YOUR TASK ▸ Please repeat, precisely as written, only the lines from the one containing "iPad Air M3" through the last line of the records below, pictures omitted.

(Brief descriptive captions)
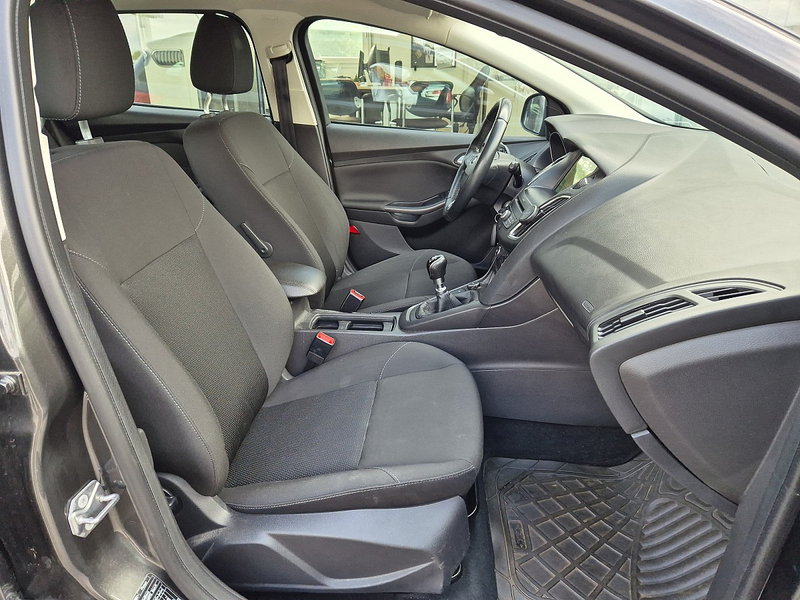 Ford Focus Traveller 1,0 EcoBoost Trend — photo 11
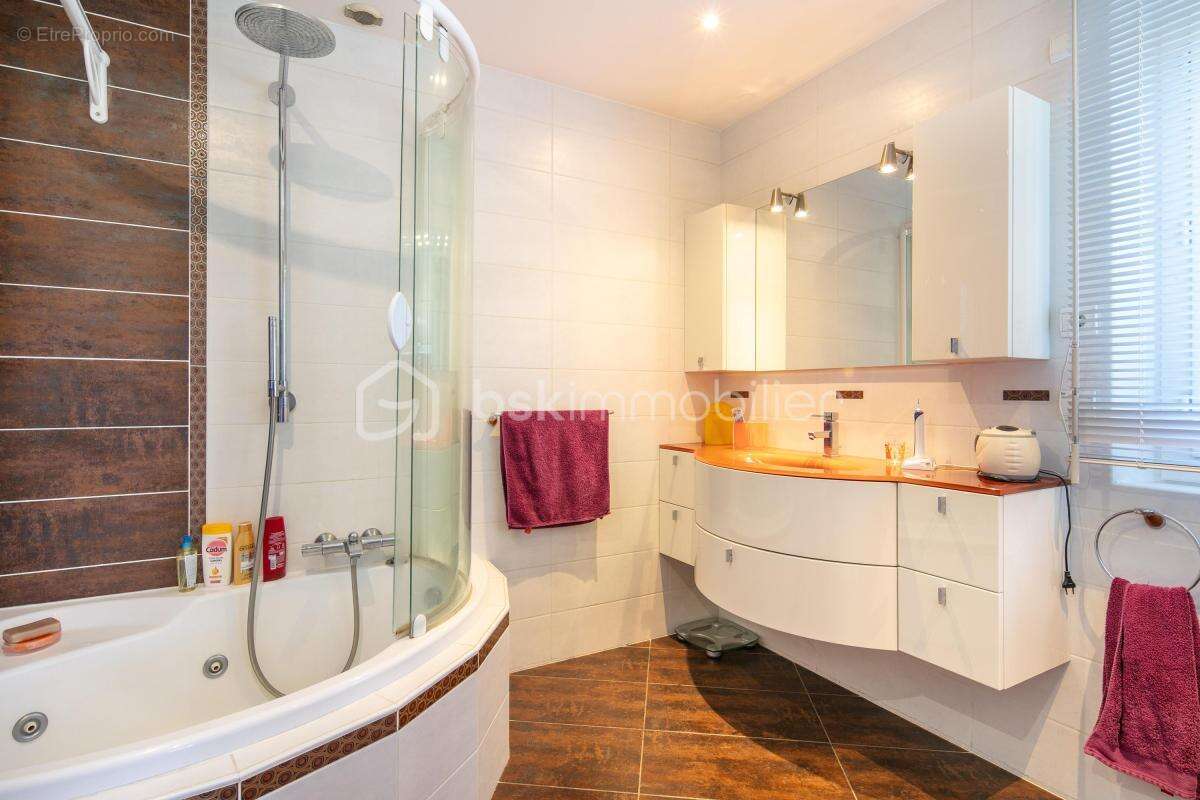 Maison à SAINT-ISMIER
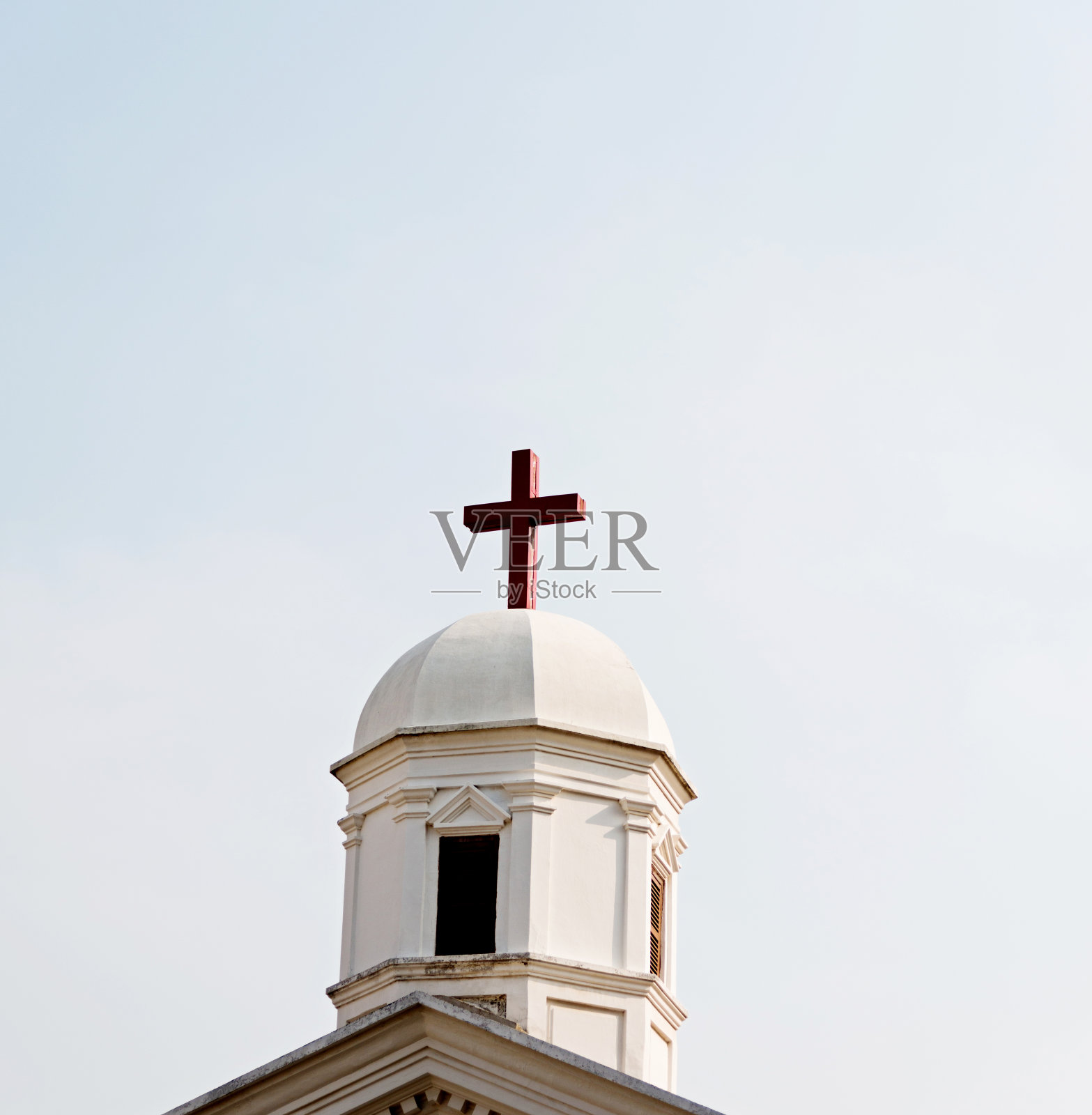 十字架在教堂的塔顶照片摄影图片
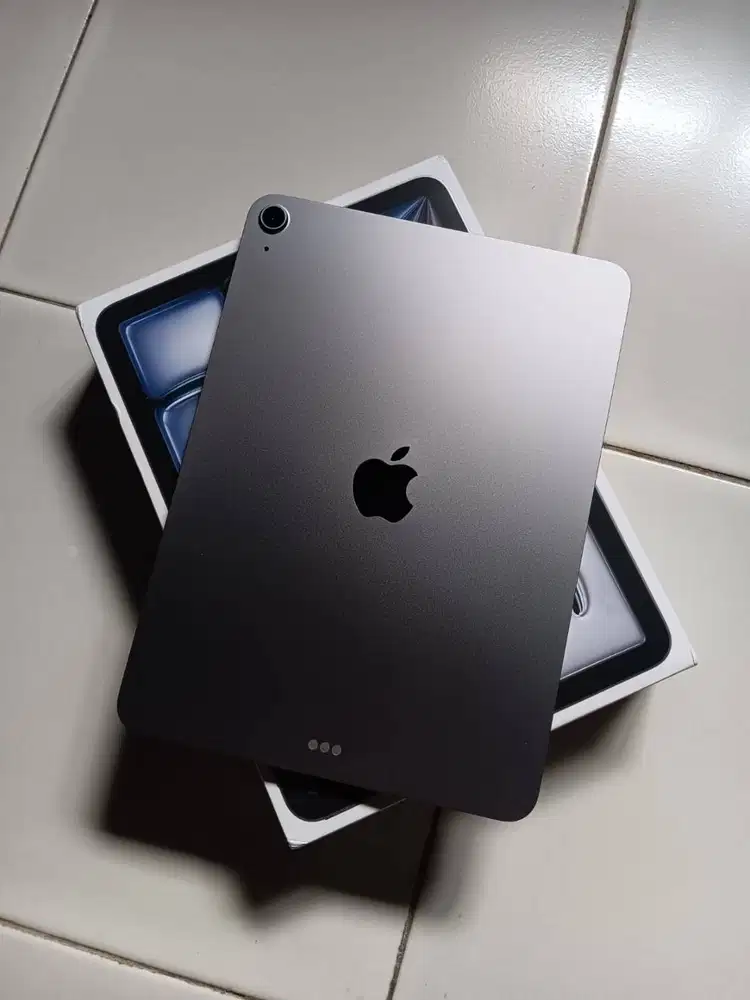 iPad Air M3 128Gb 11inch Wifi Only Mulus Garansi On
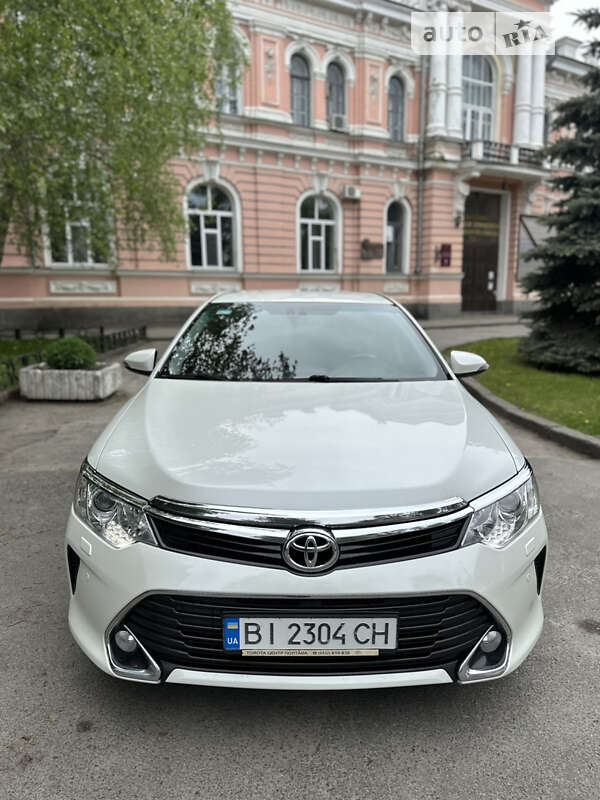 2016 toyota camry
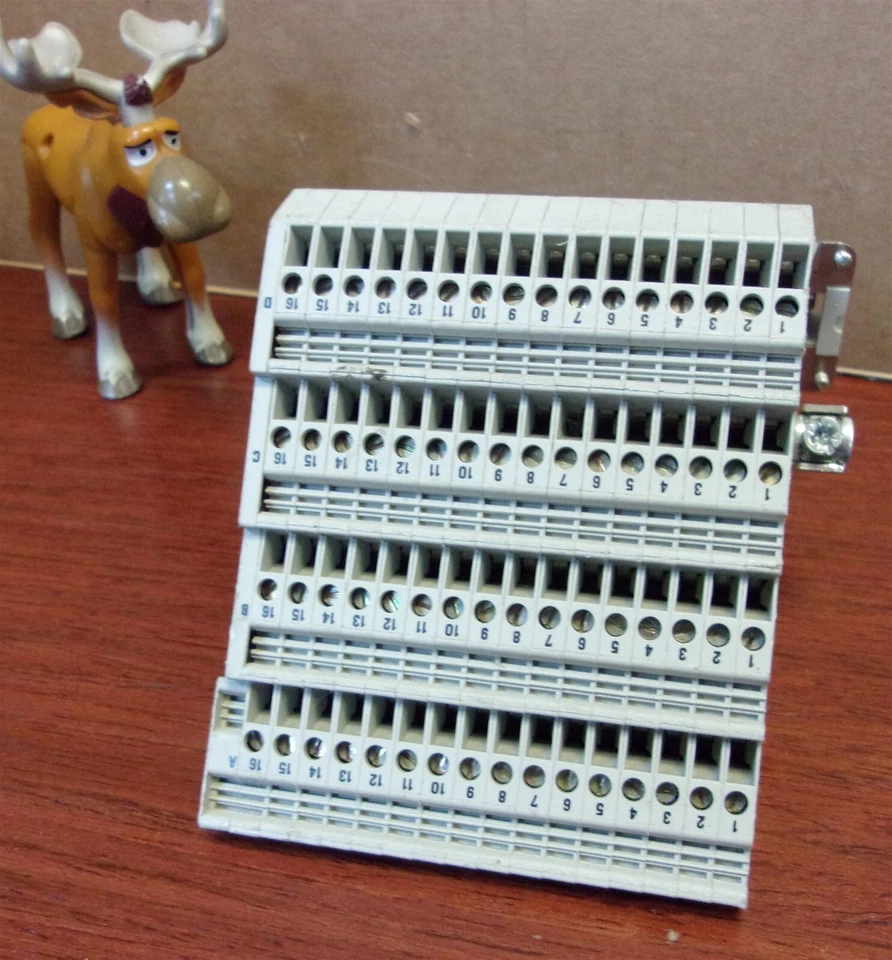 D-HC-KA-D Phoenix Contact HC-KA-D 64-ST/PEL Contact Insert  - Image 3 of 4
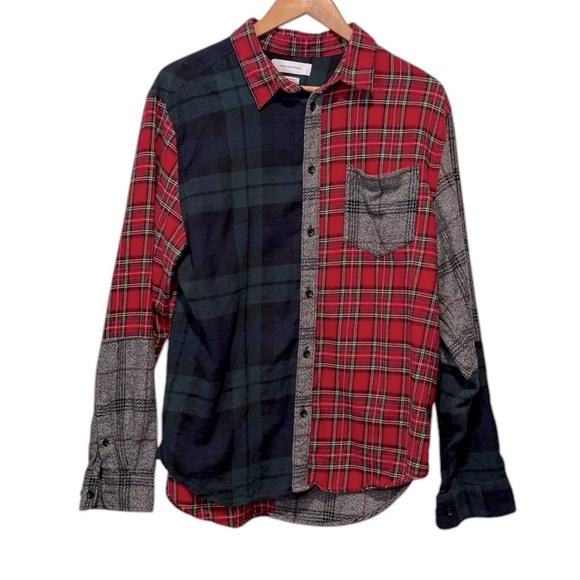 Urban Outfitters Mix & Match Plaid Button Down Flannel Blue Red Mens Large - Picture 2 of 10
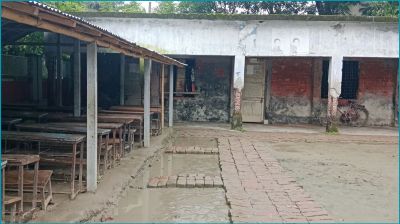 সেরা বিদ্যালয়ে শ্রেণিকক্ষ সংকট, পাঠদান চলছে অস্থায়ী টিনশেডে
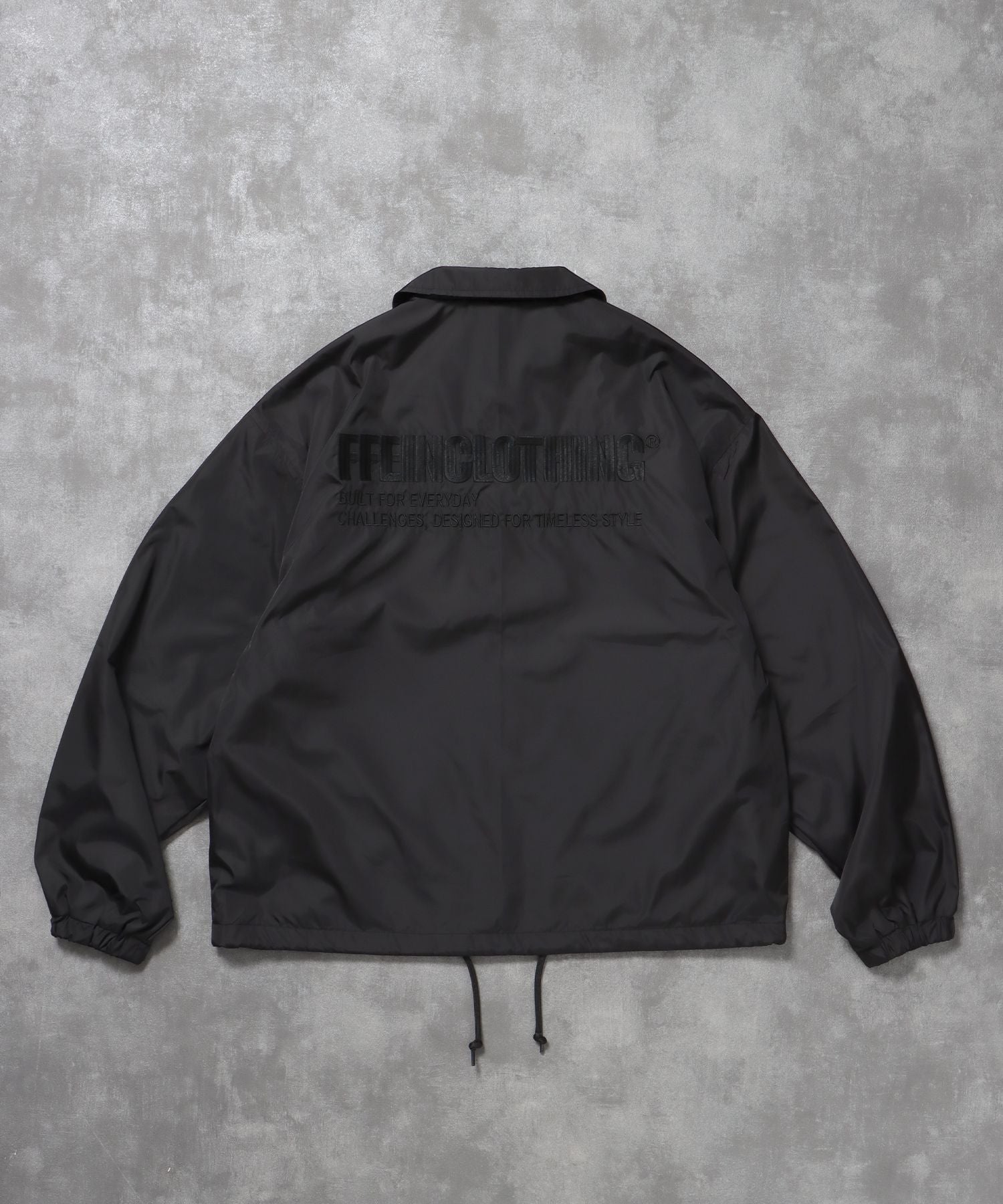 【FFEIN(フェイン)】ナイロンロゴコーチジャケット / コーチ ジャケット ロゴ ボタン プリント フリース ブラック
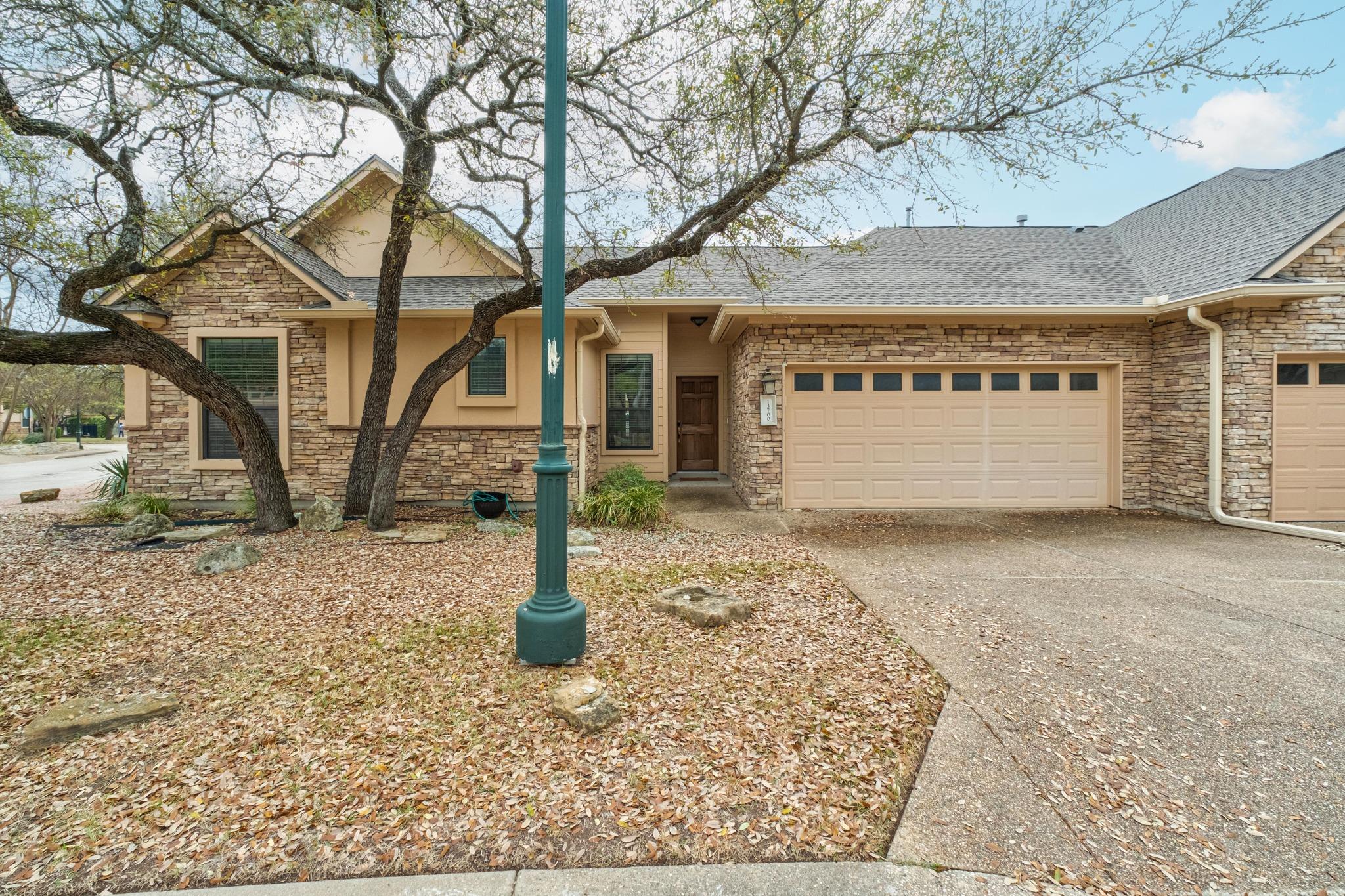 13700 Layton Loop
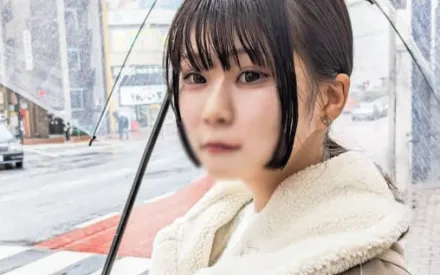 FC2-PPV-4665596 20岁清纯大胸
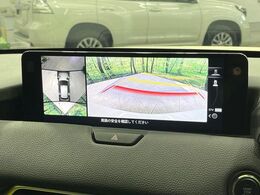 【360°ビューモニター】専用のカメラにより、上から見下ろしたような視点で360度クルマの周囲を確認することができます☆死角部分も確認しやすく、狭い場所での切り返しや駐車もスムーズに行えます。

WRITTEN RESPONSE ▸
 iPad Air M3 128Gb 11inch Wifi Only Mulus Garansi On
 2016 toyota camry
 D-HC-KA-D Phoenix Contact HC-KA-D 64-ST/PEL Contact Insert  - Image 3 of 4
 Urban Outfitters Mix & Match Plaid Button Down Flannel Blue Red Mens Large - Picture 2 of 10
 সেরা বিদ্যালয়ে শ্রেণিকক্ষ সংকট, পাঠদান চলছে অস্থায়ী টিনশেডে
 【FFEIN(フェイン)】ナイロンロゴコーチジャケット / コーチ ジャケット ロゴ ボタン プリント フリース ブラック
 13700 Layton Loop
 FC2-PPV-4665596 20岁清纯大胸
 【360°ビューモニター】専用のカメラにより、上から見下ろしたような視点で360度クルマの周囲を確認することができます☆死角部分も確認しやすく、狭い場所での切り返しや駐車もスムーズに行えます。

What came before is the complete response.